Pair Corralation between Costco Wholesale and Big Lots
Given the investment horizon of 90 days Costco Wholesale Corp is expected to generate 0.22 times more return on investment than Big Lots. However, Costco Wholesale Corp is 4.62 times less risky than Big Lots. It trades about 0.25 of its potential returns per unit of risk. Big Lots is currently generating about -0.04 per unit of risk. If you would invest 71,258 in Costco Wholesale Corp on February 5, 2024 and sell it today you would earn a total of 3,132 from holding Costco Wholesale Corp or generate 4.4% return on investment over 90 days.

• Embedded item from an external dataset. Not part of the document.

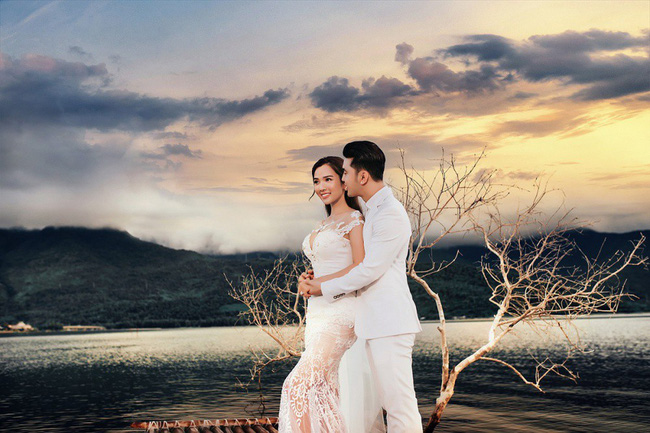 Ngắm trọn bộ ảnh cưới lãng mạn của Ưng Hoàng Phúc và Kim Cương-25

Time Period | 3 Months [change] |
Direction | Moves Together |
Strength | Insignificant |
Accuracy | 100.0% |
Values | Daily Returns |
Costco Wholesale Corp vs. Big Lots
Performance |
Timeline |
Costco Wholesale Corp |
Big Lots |
Costco Wholesale and Big Lots Volatility Contrast
Predicted Return Density |
Returns |
Pair Trading with Costco Wholesale and Big Lots
The main advantage of trading using opposite Costco Wholesale and Big Lots positions is that it hedges away some unsystematic risk. Because of two separate transactions, even if Costco Wholesale position performs unexpectedly, Big Lots can make up some of the losses. Pair trading also minimizes risk from directional movements in the market. For example, if an entire industry or sector drops because of unexpected headlines, the short position in Big Lots will offset losses from the drop in Big Lots' long position.Costco Wholesale vs. Home Federal Bancorp | Costco Wholesale vs. Freedom Holding Corp | Costco Wholesale vs. Schweizerische Nationalbank | Costco Wholesale vs. Monroe Capital Corp |
Big Lots vs. BJs Wholesale Club | Big Lots vs. Dollar General | Big Lots vs. Costco Wholesale Corp | Big Lots vs. Walmart |
Check out your portfolio center.Note that this page's information should be used as a complementary analysis to find the right mix of equity instruments to add to your existing portfolios or create a brand new portfolio. You can also try the Theme Ratings module to determine theme ratings based on digital equity recommendations. Macroaxis theme ratings are based on combination of fundamental analysis and risk-adjusted market performance.